I was surprised, because I always had faith in the audience that they would realize that this was a fictitious country and the mere purpose of it was to allow people to bring out their own prejudices. And the reason we chose Kazakhstan was because it was a country that no one had heard anything about, so we could essentially play on stereotypes they might have about this ex-Soviet backwater.I find this an amazing statement. He seems to be saying that if he and his friends don't know anything about you, then it's just as if you don't exist and, if he portrays you in a stereotypical way, you shouldn't complain because you are just a fictional character anyway. Could it be that he has some of the same insensitivity that he cleverly satirizes in others? The Greeks had a word for that.

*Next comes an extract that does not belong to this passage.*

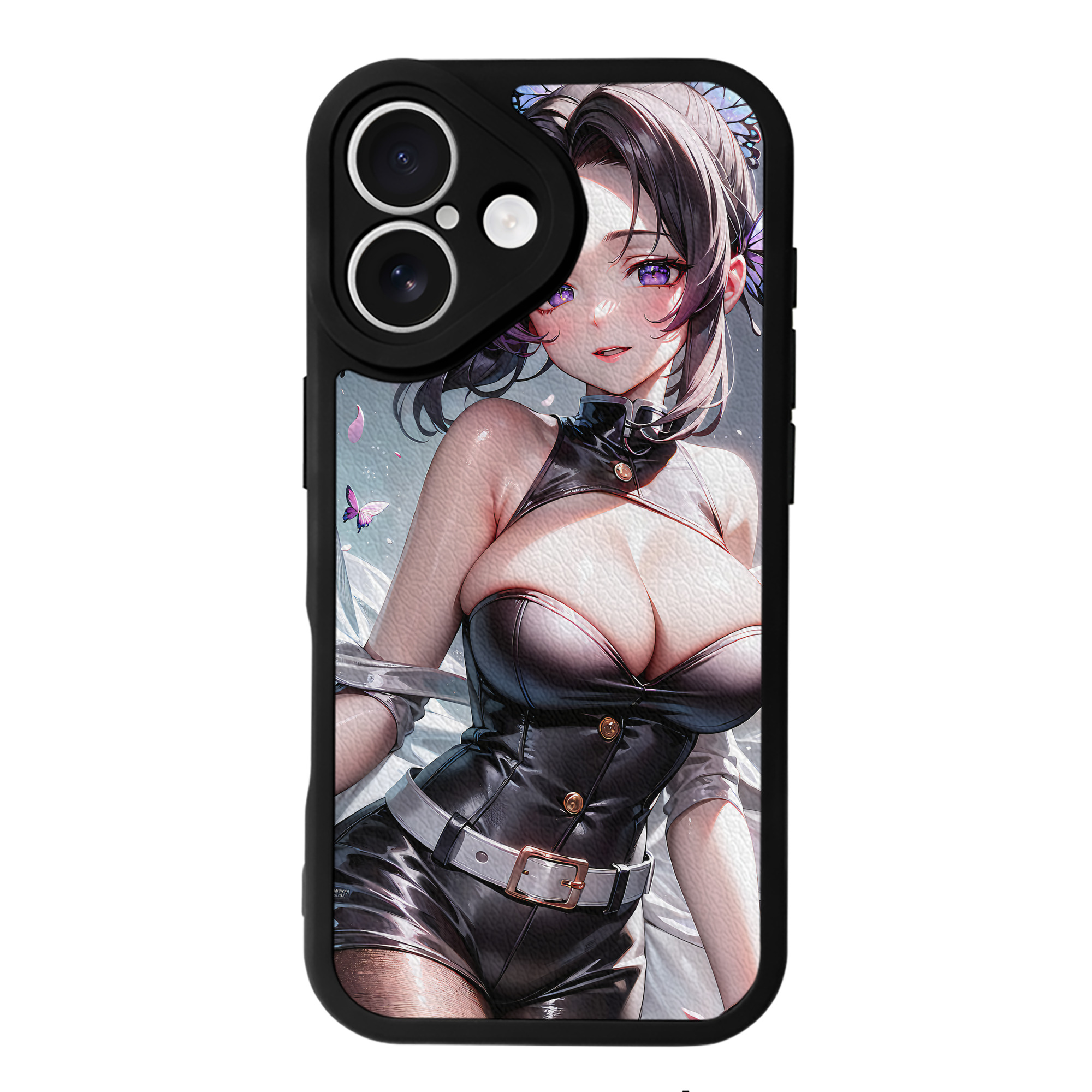 （画像用） 鬼滅の刃（きめつのやいば）蟲柱-胡蝶 しのぶ／こちょう しのぶ Kochou Shinobu 【iPhone 16シリーズ対応】シリコンスマホケース（レザー調） 材質：シリコン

Okay, I admit there are more charitable ways of reading what he is trying to say here, but I think my underlying point is valid. In the Borat movie there is nothing, from one end to the other, that is the least bit threatening to the Western liberal point of view. It's all about what what racist, homophobic, antisemitic jerks all the people in the world who are not Western liberals -- from Middle-Eastern Muslims to red state Americans -- are. If you are a Western liberal, this movie is very favorable to your Self and very unfavorable to the Other. How stupid it is, how nasty, how unlike you and me!
Some of the liberal reviewers of Borat said the movie made them think. What it made them think, of course, was that their old opinions are even more true than they always thought they were. What it made me think is how similar Western liberalism can be to the narrow ideologies that it piously denounces.